“Do European Consumers Know What They’re Not Getting?”
These days the European Commission is once again making a lot of noise about the supposed need for the U.S. to enshrine Supplier’s Declaration of Conformity (SDOC) for electrical equipment. For those of you out there who don’t live and breathe certification issues, this means that manufacturers need only declare (with the appropriate marking) that their products comply with standards – the products themselves don’t actually have to first pass any non-in-house testing. Instead, post-market-surveillance – checking of products already out in circulation – would be the norm.
Now the many years of trans-Atlantic insider scrums that have led to this assertion by the powerful, unelected mandarins of Brussels could be stuff of several no-doubt-intriguing doctoral theses, but if nothing else it all flies in the face of current realities. Here in the U.S. amidst present-day concerns about toy, food and even airplane safety, the political mo is very much in the direction of enhancing testing requirements.
Besides, if it ain’t broke don’t fix it. U.S. consumers, municipalities, etc. are accustomed to trusting certain marks as they consider electrical equipment purchases. Most people probably don’t take the time to think about these certifiers being private entities, but for those who do the fact that the U.S. Government accredits the certifiers – through the Occupational Health and Safety Administration’s Nationally-Recognized Testing Laboratory Program (OSHA/NRTL) – should provide solace. And with the safety threat posed by counterfeit electrical equipment a growing concern, U.S. purchasers understandably continue to think "no mark, no buy" when choosing.

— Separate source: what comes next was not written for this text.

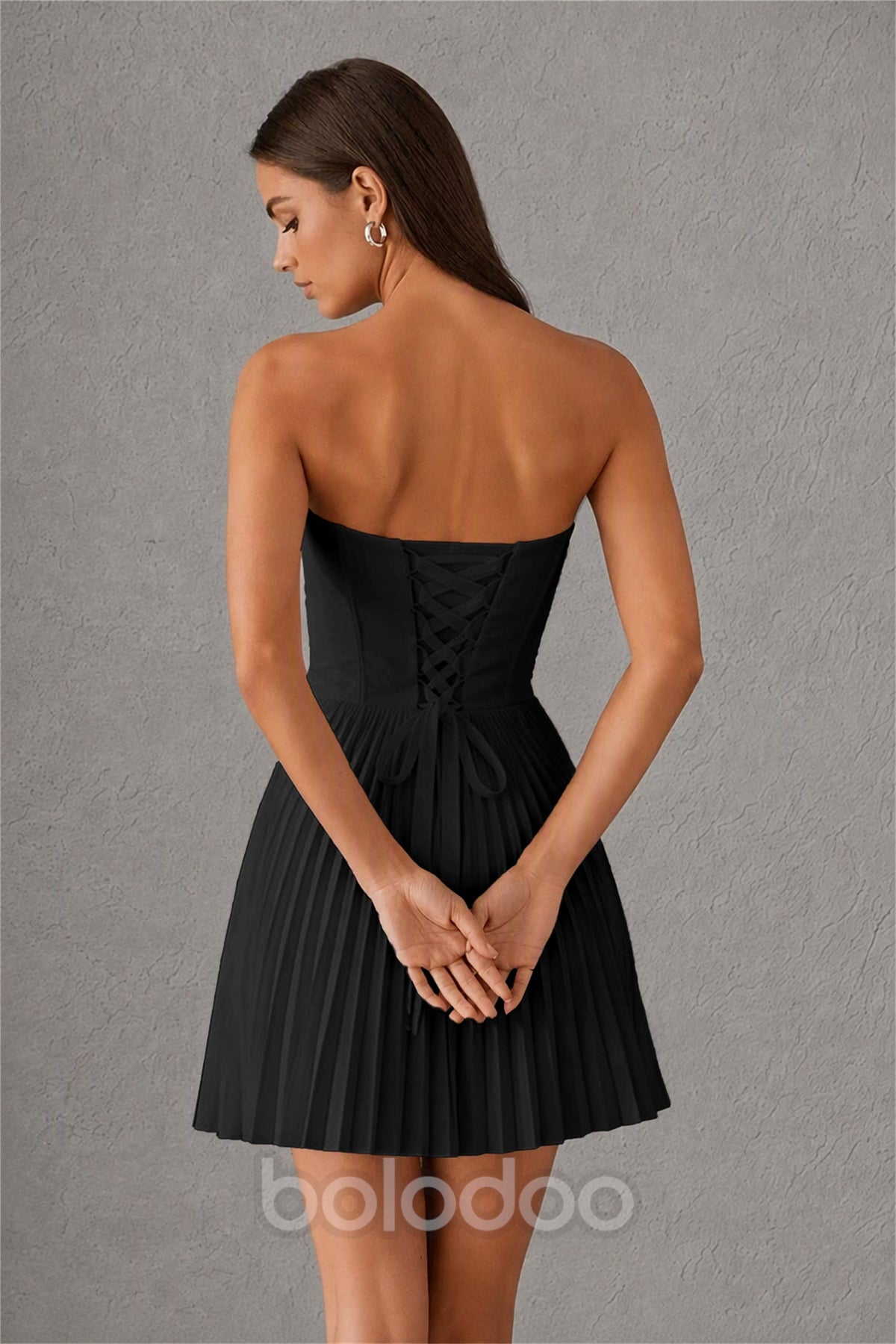 BOLODOO Black Strapless Sweetheart Pleated Corset Mini Dress with Lace-Up Back - Black | BOLODOO watermark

Contrast this to Europe where – despite every “Europe controlled/ U.S. free-for-all” stereotype you’ve ever heard – product safety in practice is much more up for grabs. Yes, the “CE” mark is ubiquitous, but the public incorrectly assumes that it reflects actual certified testing when in fact it only shows companies self-declaring their compliance – ie, SDOC. Moreover, post-market surveillance in Europe is scattered and uneven at best, meaning the window is rather open for shoddy product to enter en masse. And tellingly, the April 18 Financial Times cites the Commission's own new report that “China (is) the main culprit as EU product recalls rise 53%”, with electrical appliances and lighting equipment among the main categories:
So if anything perhaps it’s the Commission which should be moving the other way in terms of reciprocity. There are European testing laboratories that have qualified for OSHA/NRTL status – showing that our accreditation process is not biased. How about letting U.S. labs – which are not currently allowed to -- do direct European market testing?